日本のマスコミを観ていると、どの政党を推しているのか批判しているのかなど分からないことがほとんどです。形勢の悪い党を推すと視聴率が下がり、スポンサーに迷惑をかけると思うのか、このテレビ局は特定の政党寄りだよなと思っていても、勝ち組に乗ることが当たり前になっています。これから、多様化の社会がくるので、意見の違いを認める報道をして欲しいものです。
3.何を基準に物事を判断すればいいのか。
映画でこんな場面がありました。重病患者の命を助けるのか、船内の環境を保つのかの判断を迫られた場面です。船の排水タンクが満タンとなり、一度外洋に出て汚染水を捨てないと、船内の環境が保てない、食事さえも作れない状況が来るという場面です。外洋に1日出てしまうと、その間に重症患者は亡くなってしまうかもしれない、かといって船内環境をこれ以上悪くすることもできない。この時の判断は、人の命を最優先、そして船内環境をその次に置き、見事両方を達成したのでした。重症患者と濃厚接触者を隔離して、悪化していないことと発病していないことを確認して、外洋への出船時間をギリギリまで遅らせたのでした。何とかしようと思う熱い気持ちと覚悟をすごく感じた場面でした。
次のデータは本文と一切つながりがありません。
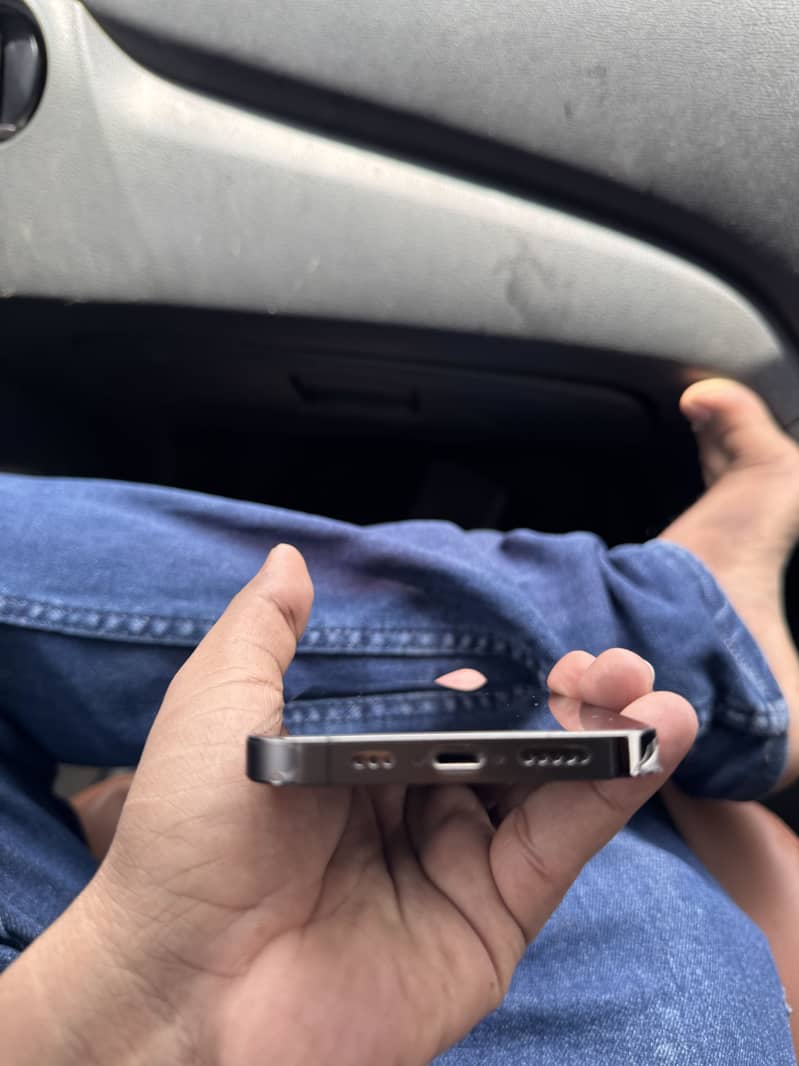 iPhone 13 Pro 6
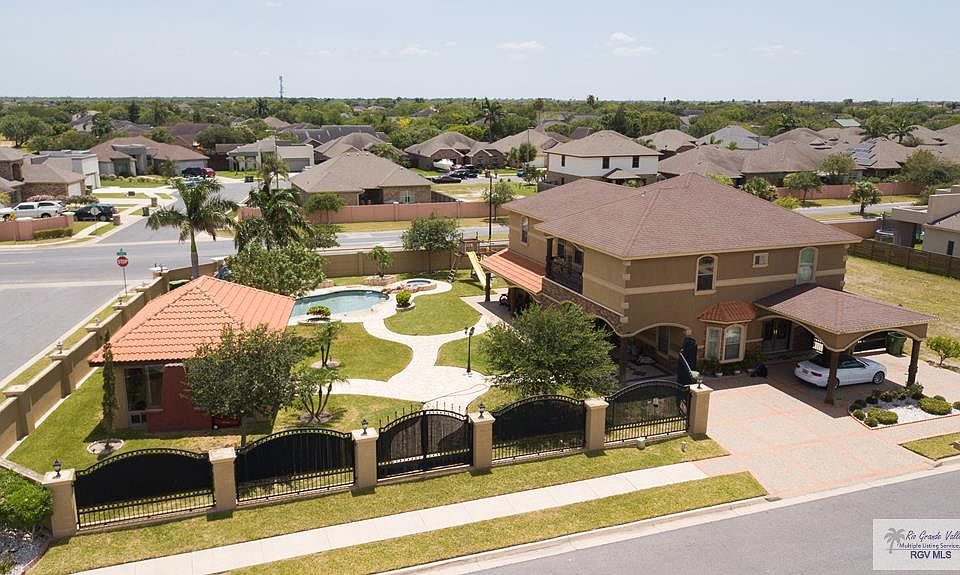 1st image of 3515 Heritage Cir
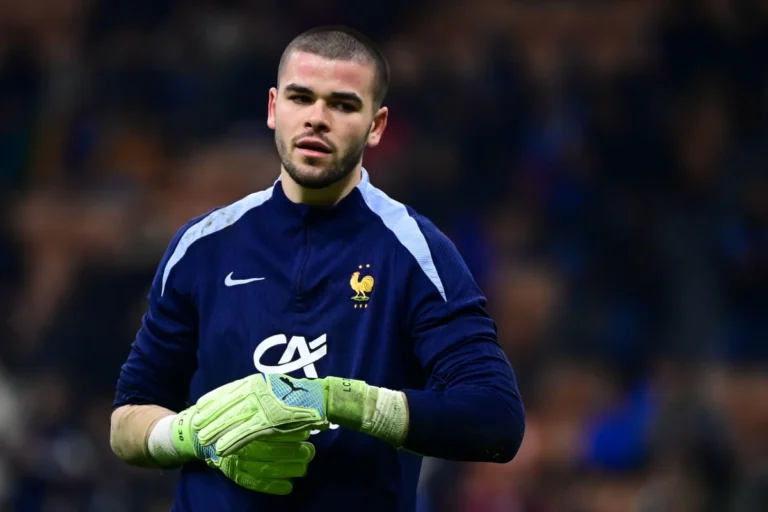 Lucas Chevalier en équipe de France ©Alamy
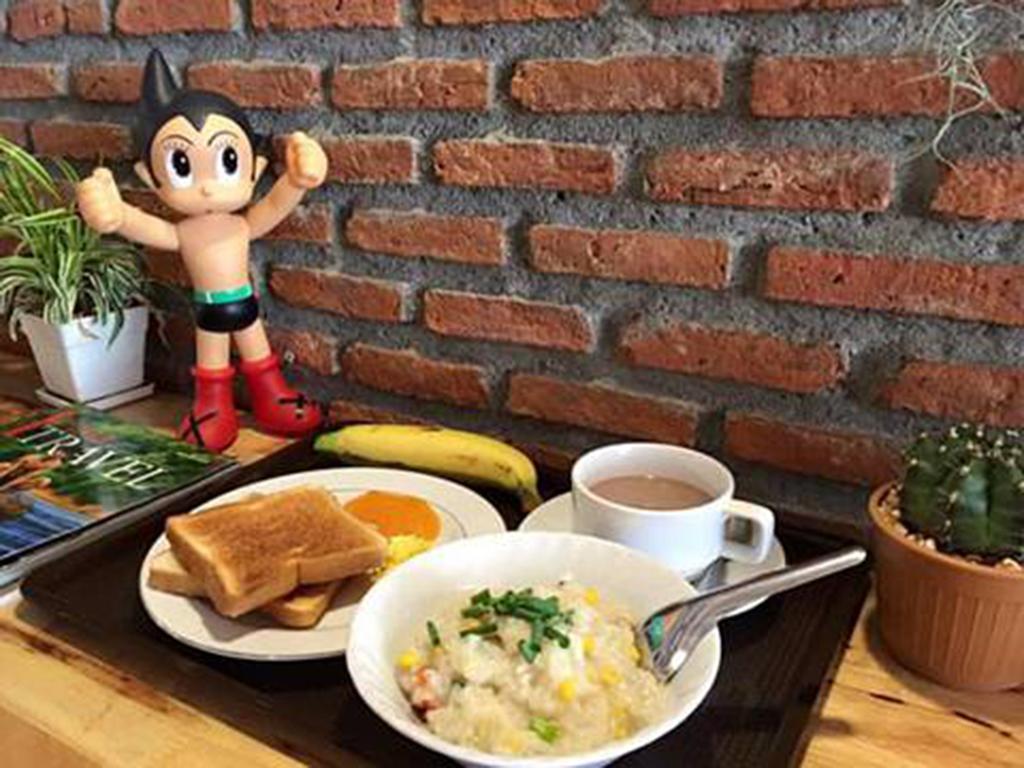 Warm White Hostel Bangkok Ngoại thất bức ảnh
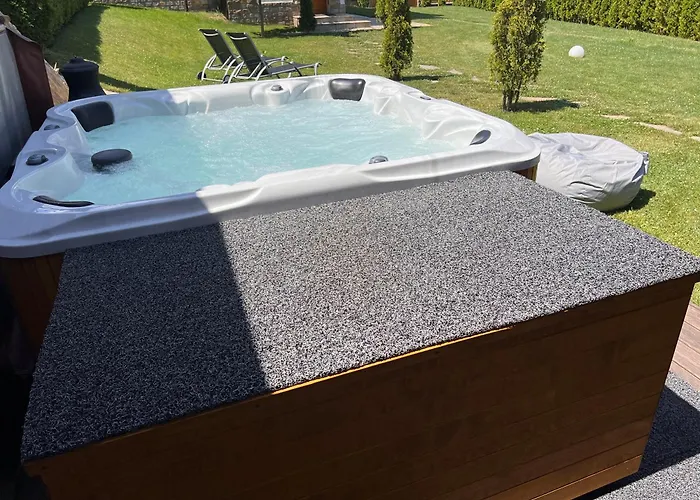 Adelheide - Spa, Bbq & Jacuzzi * Beli Iskar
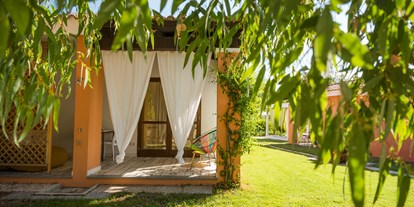 Luxuscamping - Klimaanlage - Italien - Tiliguerta Glamping & Camping Village Deluxe-Einzimmer-Bungalows 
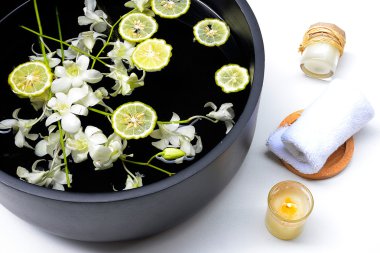 Spa uygulamaları için kase doğal çiçekler.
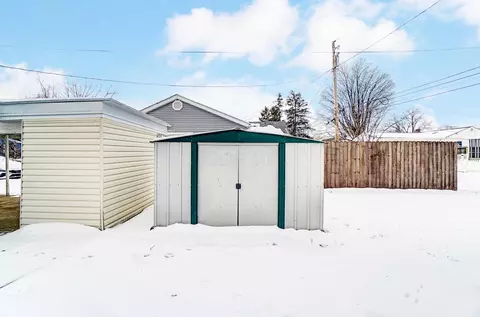 Exterior - 1065 Sunshine St, Circleville, OH 43113 photo 6 of 9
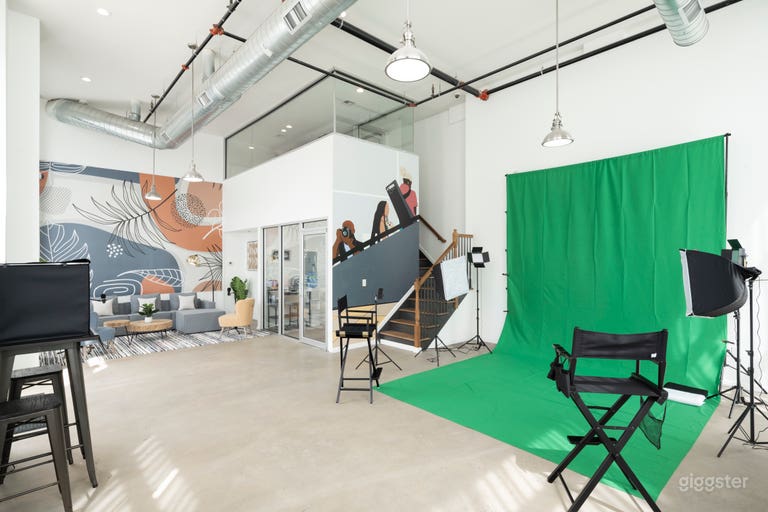  Photography Space &amp; Green Screen, White Screen, Black Screen:  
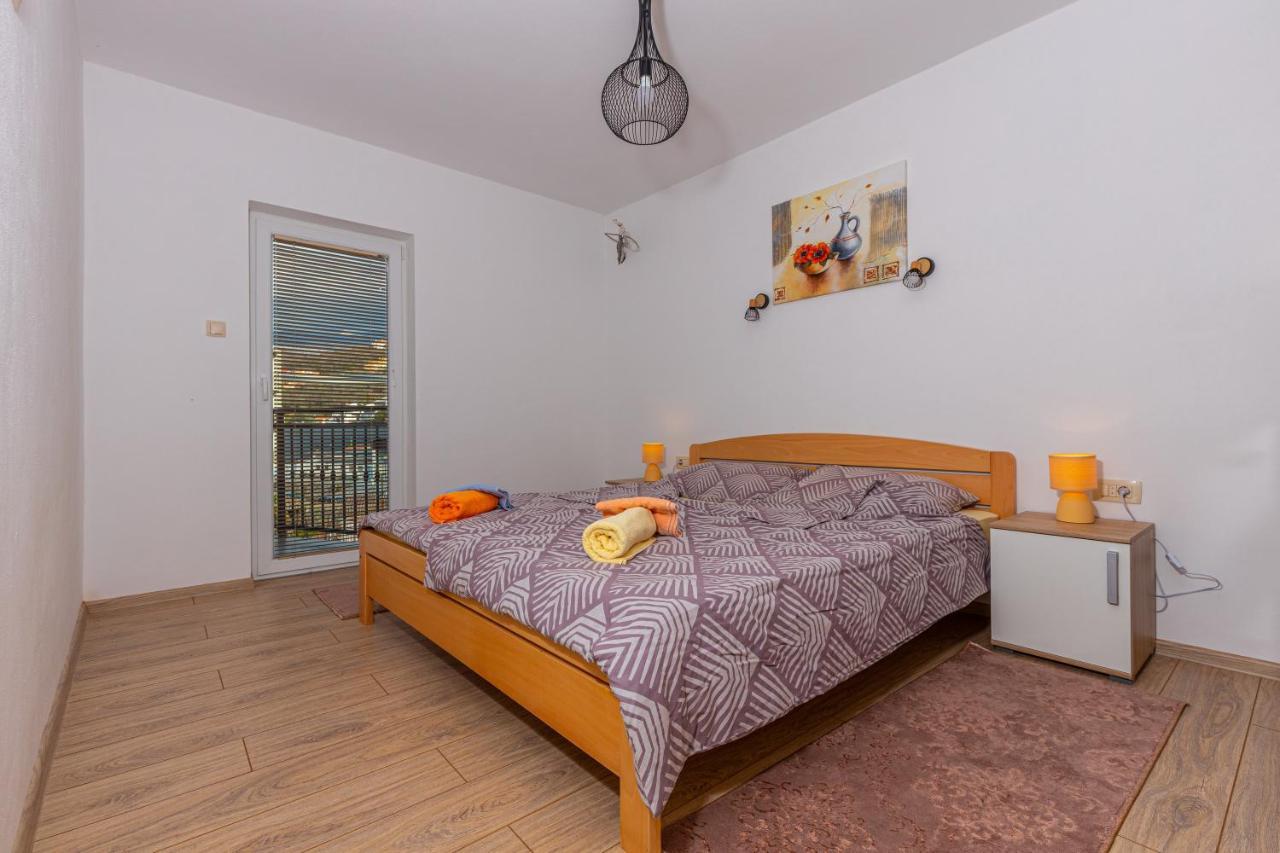 Apartman Sare Crikvenica Exterior photo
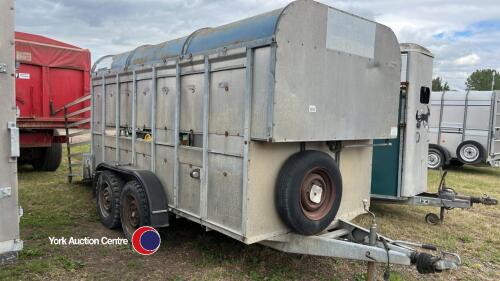 Graham Edward 12ft cattle box with decks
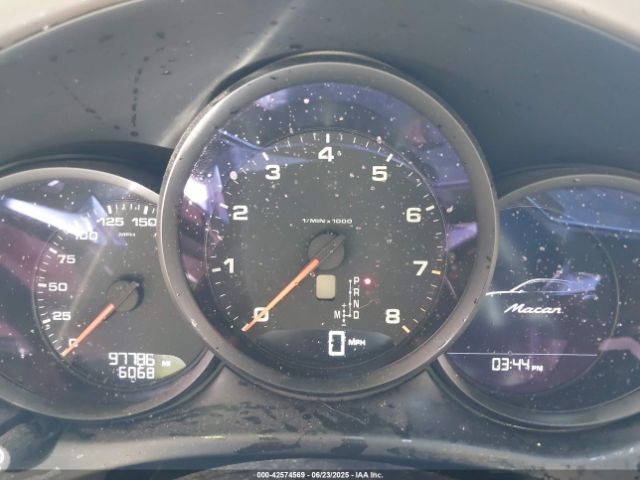 2017 PORSCHE MACAN WP1AA2A58HLB01772 Photo 6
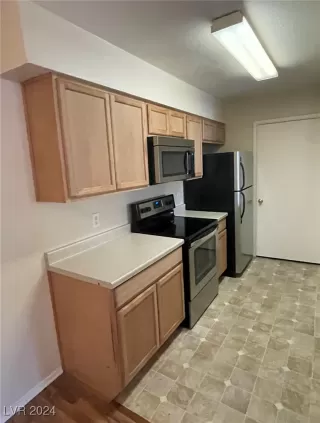 Photo #3: 2607006 Listing 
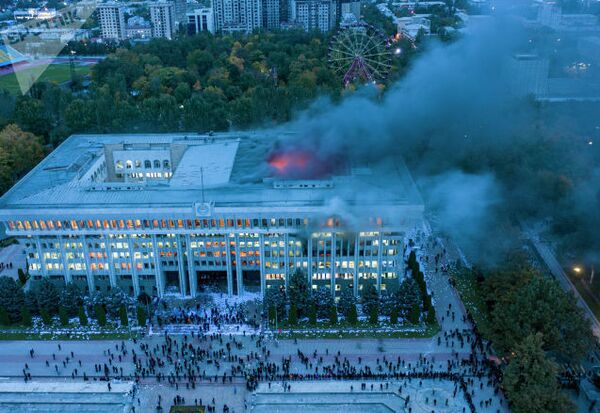 Bishkek's White House on fire Bishkek's White House on fire - Sputnik International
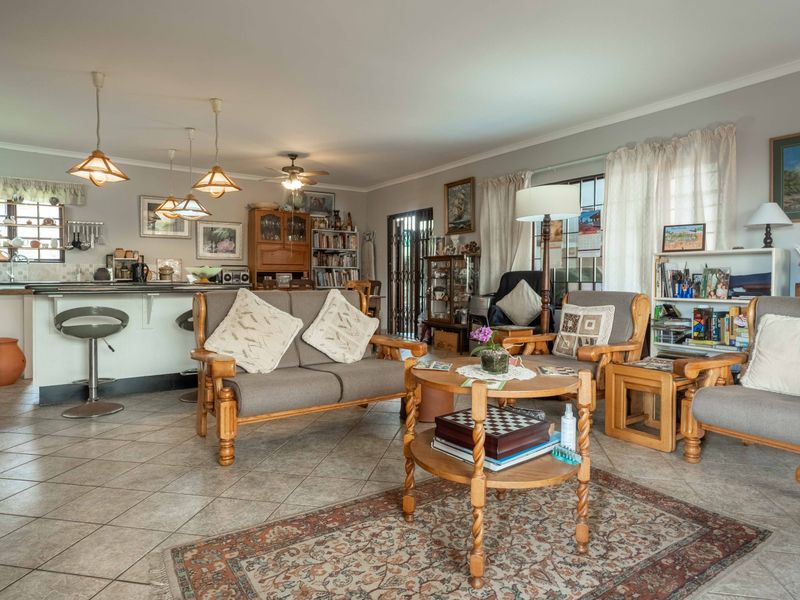 Secure living - Luxury Harcourts Auction in Scottburgh - Photo 4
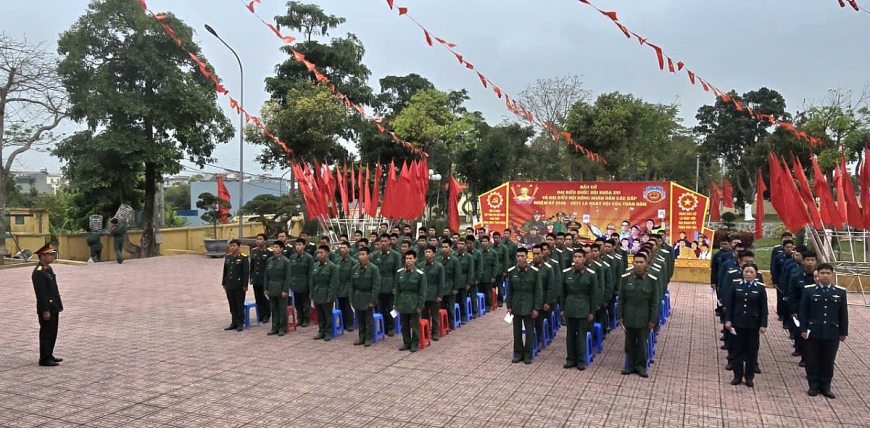 Cử tri Sư đoàn 395 và Tiểu đoàn phòng không 83 trước giờ bầu cử. Cử tri Sư đoàn 395 và Tiểu đoàn phòng không 83 trước giờ bầu cử.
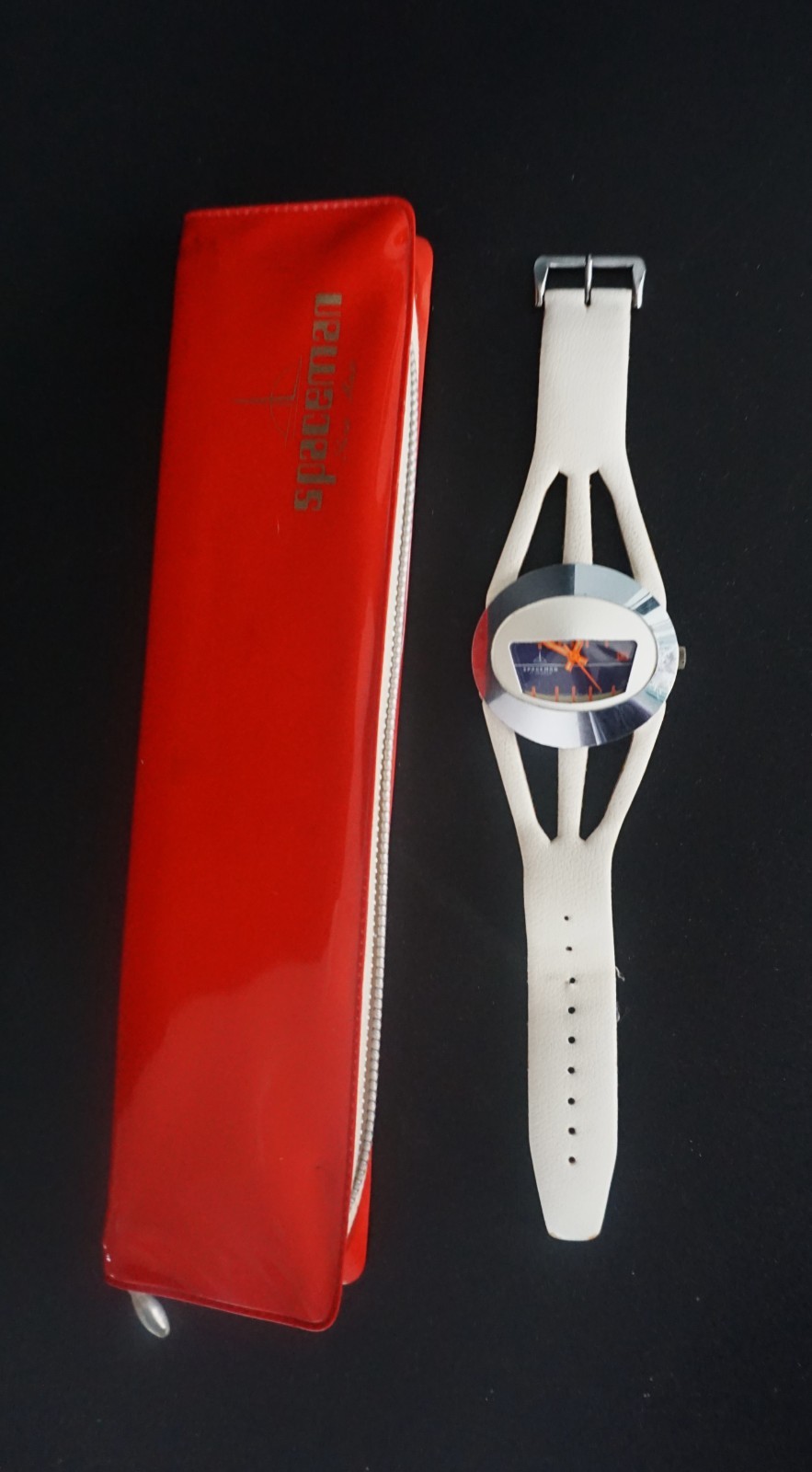 VTG Andre Le Marquand Spaceman Watch 17 Jewels with Case Retro Modern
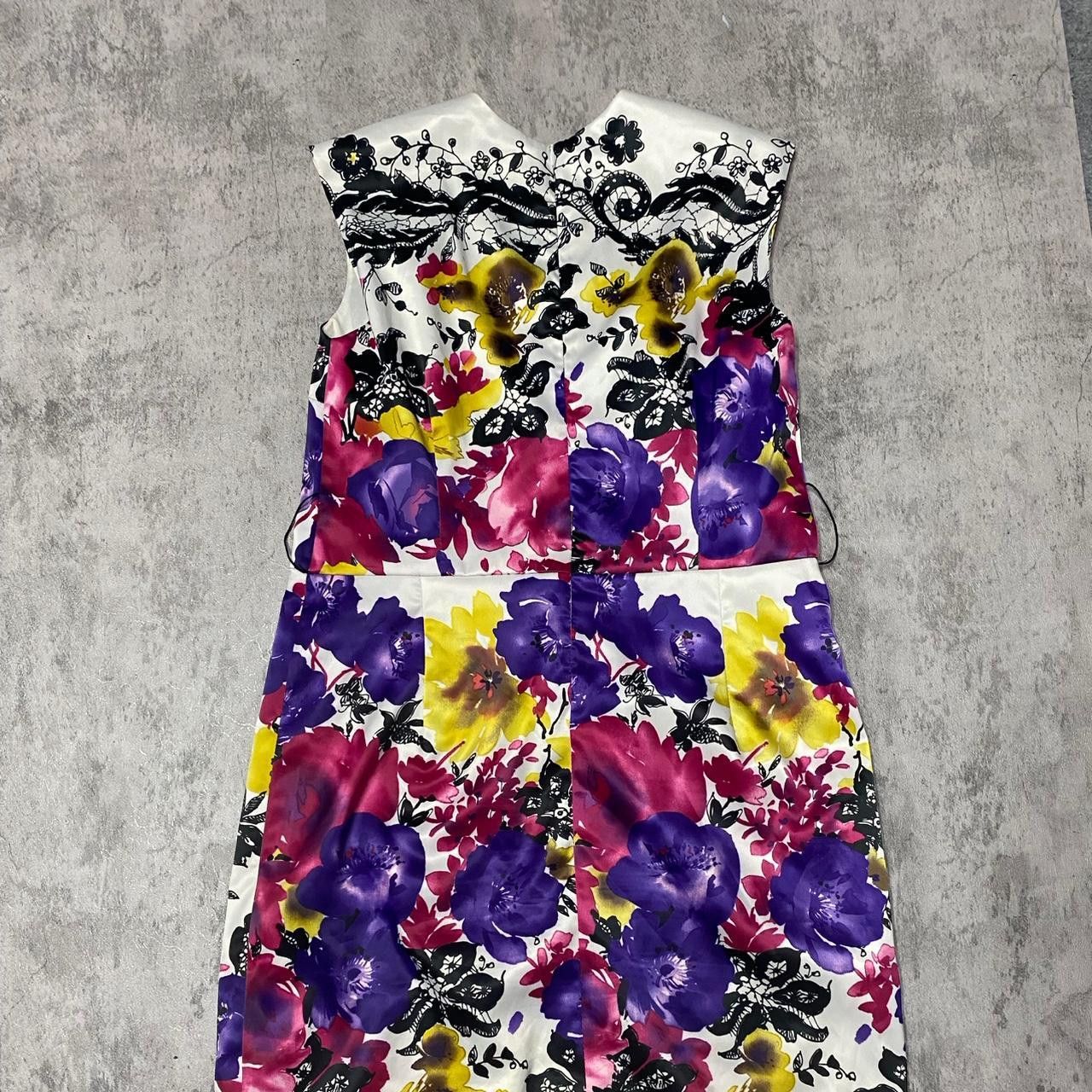 Other White and purple floral midi dress with a touch of glamour Size ONE SIZE - 4 Thumbnail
最初にお話をした横浜市港湾局の方からは、重症患者を優先させるために、船内の排水を横浜港には捨てることもできない。それをしたら、横浜がどんな騒動になるか分からない。かといって、1日外洋に出ることで、船内の患者さんを見捨てることもできない。いつもそんなギリギリの状況の連続だったそうです。
4.映画の中の悪者は実は悪者でないことがある。
実は映画の中で横浜市は悪者でした。横浜市衛生局がダイヤモンドプリンセス号の感染を抑えることに非協力的だった、と言うことになっていました。あとでその裏を聞いてみると、医療行政は国→県→市というヒエラルキーがあるそうで横浜市が直接協力しますと言えないというのが事実でした。
横浜市は、先に話をした船内の排水の件以外にも、ゴミ問題、患者の救急搬送、乗船者用のバスの提供などで協力していました。労働組合の人たちが、将来のある若い部下にはさせられないと管理職自らその任に当たってくれたそうです。ありがたいことです。
映画1つでもいろいろなことがあり、新たな発見ばかりでした。
この時活躍されたDMATの皆さん、お疲れ様でした。そしてありがとうございます。